CCCXXXIII.

A peine ai-je voulu faire de Rouen Chronicle une tribune politique que mon projet s’effondre. Du moins s’effrite. Un vieil ami, expert en la matière, m’affirme qu’au soir du 6 mai 2012, le président de la République se nommera François Hollande. Cet ami, au demeurant journaliste retraité, a toujours prédit (déduit ?) le nom du vainqueur et ce depuis mai 1981.

Nous voilà bien. Il va falloir supporter polémiques, débats, programmes, renoncements, ralliements, trahisons, sondages et sur-sondages… tout et tout, alors que le tour est joué ! Seule chose à passionner quelque peu : les chiffres. Ceux atteints par tel ou tel, celui de la participation (premier et second tour), celui des abstentions, etc. Vous me direz : ça occupera. Pas faux.
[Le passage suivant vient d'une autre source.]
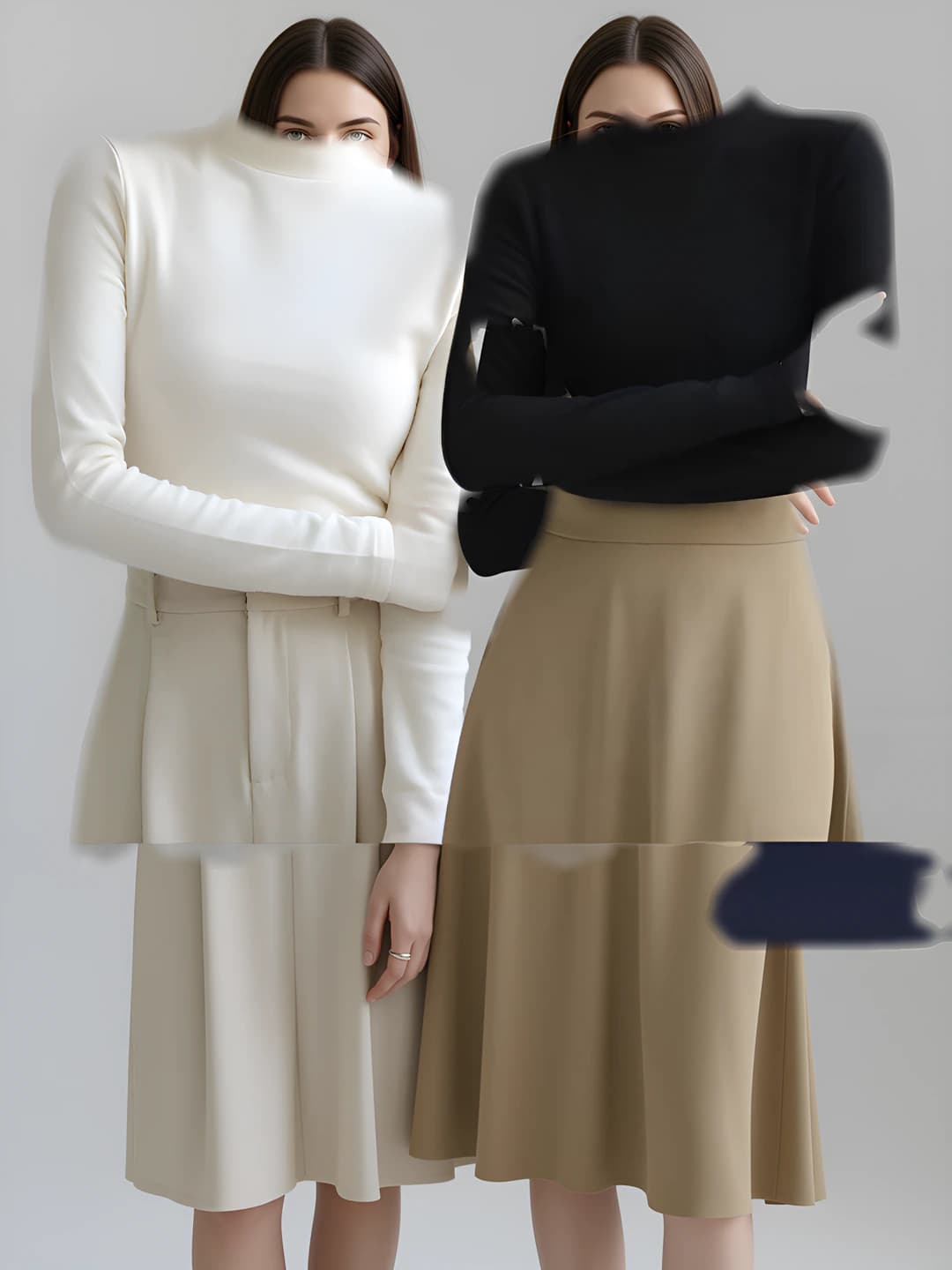 White + Black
Dès lors, autant prendre les devants. Ainsi notre prochain président sera rouennais d’origine. Oui, François (comme disait Duras) est né dans nostre ville en août 1954. Au passage, notez que divers lecteurs s’amusent à constater qu’en matière de goûts et réflexions, j’en suis resté à ce millésime. Vous savez désormais pourquoi. Surtout, remarquons que c’est le deuxième candidat à la présidentielle qui a tété le sein de sa mère à l’ombre des Nouvelles Galeries.

Le premier fut Jean Lecanuet qui, en 1965, faillit devenir président de la Ve République (à peu de chose près). Quarante-sept ans plus tard, ce sera François Hollande. Et comme il est d’usage que les Rouennais candidats deviennent maires de leur ville natale, il faut s’attendre à ce que François Hollande soit élu maire en 2020.

Pas en 2014 puisqu’il sera président de la République et occupé à autre chose qu’à mettre la rue aux Ours en voie piétonne. Mais, battu aux présidentielles de 2017, il pourra se présenter aux municipales de 2020. Et sera élu, n’en doutez pas, l’électorat local étant fidèle. D’autant qu’il aura promis, en cas de victoire, le retour de la foire Saint-Romain sur les boulevards.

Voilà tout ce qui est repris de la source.